(Data for this task)
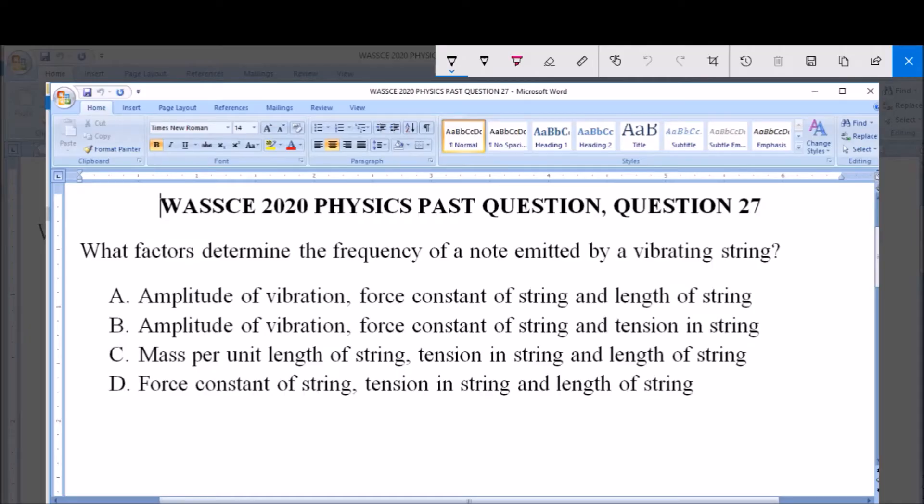Hello, good day and welcome. I will be answering WASSCE 2020 Physics Past Question 27.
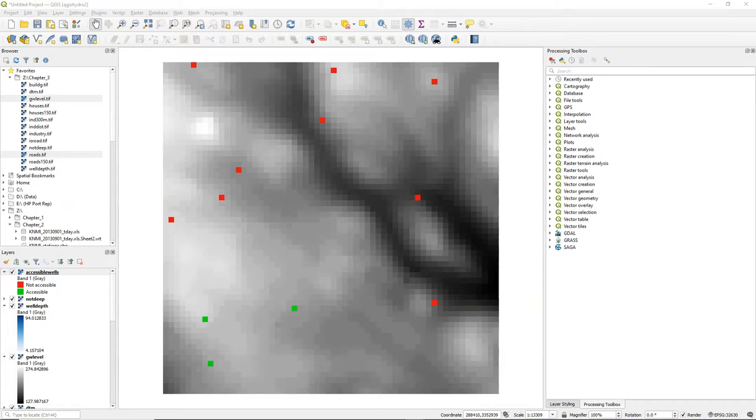In previous steps we have identified which wells in this area are accessible and which are not accessible. For the end user it is much easier to look at points instead of pixels.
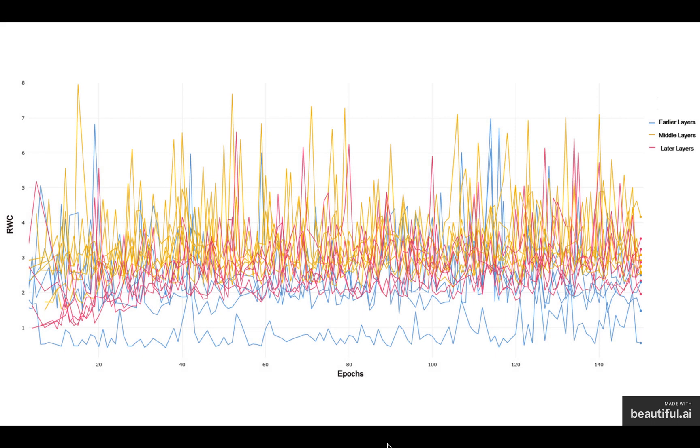On CIFAR-100, we notice that the general magnitude of relative weight change on the y-axis is higher compared to CIFAR-10 because of the complexity of the task. Now, here we notice a similar trend, but a slight difference with later layers behaving similar to the middle layers.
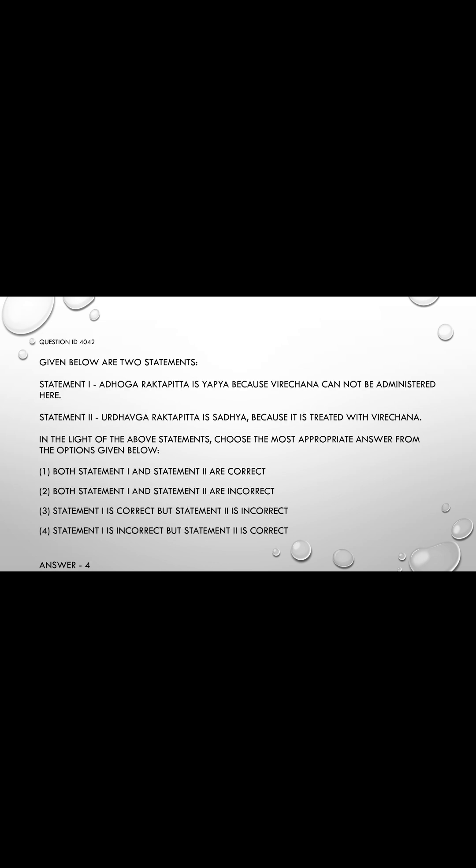So in ascending order, it will be: Sanyasa, Kilasa, Gulma, Visarpa, Yoni Vyapada. The right answer is option 2 — B, E, D, C, A.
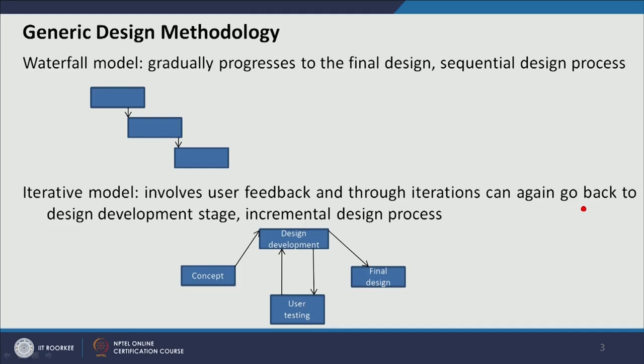Initially there was a model called the waterfall model, where there was a gradual progression from one step to the next — first data collection, then design ideation, then the design process, and finally the final production. When one stage is complete, the next stage starts and you cannot go back to the previous stage, making it a gradual linear sequential model. This was an old model, and we no longer follow it because it does not incorporate feedback or the provision of improving the product or making the user interface and visual communication better after taking feedback from users and peer review.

(Task objective) Could you print the data exactly as it appears and keep the pictures out?

(Task answer)
Hello, good day and welcome. I will be answering WASSCE 2020 Physics Past Question 27.
In previous steps we have identified which wells in this area are accessible and which are not accessible. For the end user it is much easier to look at points instead of pixels.
On CIFAR-100, we notice that the general magnitude of relative weight change on the y-axis is higher compared to CIFAR-10 because of the complexity of the task. Now, here we notice a similar trend, but a slight difference with later layers behaving similar to the middle layers.
So in ascending order, it will be: Sanyasa, Kilasa, Gulma, Visarpa, Yoni Vyapada. The right answer is option 2 — B, E, D, C, A.
Initially there was a model called the waterfall model, where there was a gradual progression from one step to the next — first data collection, then design ideation, then the design process, and finally the final production. When one stage is complete, the next stage starts and you cannot go back to the previous stage, making it a gradual linear sequential model. This was an old model, and we no longer follow it because it does not incorporate feedback or the provision of improving the product or making the user interface and visual communication better after taking feedback from users and peer review.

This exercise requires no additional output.